Action item:
When a line of the records contains "during", copy it.
Top of Available data
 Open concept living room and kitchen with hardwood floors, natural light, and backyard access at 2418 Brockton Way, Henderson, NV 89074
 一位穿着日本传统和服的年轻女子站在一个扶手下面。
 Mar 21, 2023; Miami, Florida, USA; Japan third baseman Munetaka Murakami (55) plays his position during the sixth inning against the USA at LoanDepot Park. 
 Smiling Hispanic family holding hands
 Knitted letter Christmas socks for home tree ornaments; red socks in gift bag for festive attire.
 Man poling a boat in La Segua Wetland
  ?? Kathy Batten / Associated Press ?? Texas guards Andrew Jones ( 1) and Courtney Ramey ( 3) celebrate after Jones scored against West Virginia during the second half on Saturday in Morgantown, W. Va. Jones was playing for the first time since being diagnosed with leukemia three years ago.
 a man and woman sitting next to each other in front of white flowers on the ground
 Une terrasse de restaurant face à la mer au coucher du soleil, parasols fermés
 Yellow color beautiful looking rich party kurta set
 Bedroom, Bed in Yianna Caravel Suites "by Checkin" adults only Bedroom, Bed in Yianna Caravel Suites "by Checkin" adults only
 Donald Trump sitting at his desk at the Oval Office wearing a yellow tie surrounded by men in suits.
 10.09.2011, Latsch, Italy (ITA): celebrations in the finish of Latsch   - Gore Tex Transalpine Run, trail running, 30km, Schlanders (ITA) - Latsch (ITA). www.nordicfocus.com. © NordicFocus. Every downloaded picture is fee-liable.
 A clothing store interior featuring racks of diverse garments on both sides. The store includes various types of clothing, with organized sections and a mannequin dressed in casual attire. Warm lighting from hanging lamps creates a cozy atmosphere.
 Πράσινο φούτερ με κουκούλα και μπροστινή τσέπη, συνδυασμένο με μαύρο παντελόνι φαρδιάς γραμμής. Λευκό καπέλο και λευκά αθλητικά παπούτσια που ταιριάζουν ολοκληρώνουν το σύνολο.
Bottom of Available data
Solution to the problem:
 Mar 21, 2023; Miami, Florida, USA; Japan third baseman Munetaka Murakami (55) plays his position during the sixth inning against the USA at LoanDepot Park. 
  ?? Kathy Batten / Associated Press ?? Texas guards Andrew Jones ( 1) and Courtney Ramey ( 3) celebrate after Jones scored against West Virginia during the second half on Saturday in Morgantown, W. Va. Jones was playing for the first time since being diagnosed with leukemia three years ago.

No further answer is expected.